Unsurprisingly, being the capital the United States, Washington DC is home to a wide array of historic aircraft and great museums. The central point of this is of course the National Air and Space Museum. The museum has two sites, one in the city and another out at Dulles Airport (the Udvar-Hazy centre). While the latter site is very much fully open and comfortably worth several posts on its own (which will make up the remaining museum profiles of this years advent), the main museum in the city is undergoing in depth work.
Rather than closing for an extended period, the museum have taken the view of keeping their main site open on a restricted basis. This was a shame as it meant that the available machines to view were significantly reduced, especially as another gallery had been closed just a couple of days before my visit.
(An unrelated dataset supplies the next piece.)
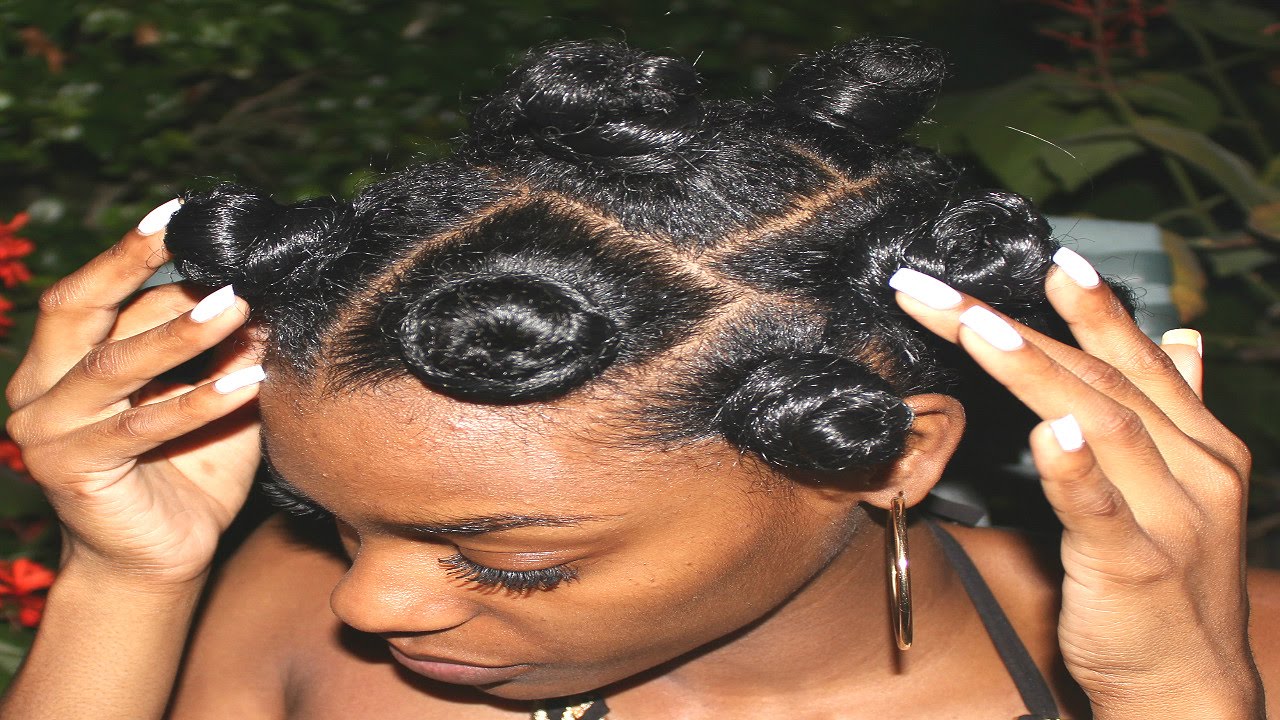 Bantu Knot Tutorial On Short Natural Hair (TWA) With Extensions !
This section, which contained Amelia Earhart’s Lockheed Vega and the Douglas Cruiser, amongst other machines, was still visible from a balcony but not ideal for photographs.
What was left on display was of incredible quality and rarity. I manged to see my third P-59 Airacomet of the trip which was a novel achievement, alongside the incredible Bell X-1 supersonic testbed.
Also hanging from the entrance ceiling is the inimitable Spirit Of St Louis which has been left remarkably untouched and even from ground level you can almost feel the history coming off of this wonderful airframe.
A strong contender for the most historic aeroplane of all time sits in the centre of a detailed exhibition around its created, the 1903 Wright Flyer. This display was wonderful and you cannot help but be impressed when seeing where it all began.
With the main museum offering a little less than I was expecting I took to the internet to see what else the centre of Washington might offer and discovered the hidden gem that is the US Postal Museum. Not normally a topic that would be high on my list but what a great little museum it was.
Once through security you enter down and escalator that slowly reveals an immaculate Airco DH4, modified specifically for Mail flying with a re-positioned cockpit and wooden panelling in place of the fabric covering.
The DH4 was joined on either side by a Stinson Reliant, complete with a hook for mail pick up trials and a Wiseman-Cooke biplane.
It may have partly been due to the reduced displays at the Air and Space Museum but the Postal Museum came out as one of my top aviation memories of the trip. I certainly didn’t see that coming! Though the aircraft are displayed hung up visitors are still able to get a great feel for the types.
One other option that I didn’t have time to get to was the Naval museum which amongst other exhibits there is a Corsair hung up, which would have been nice to see.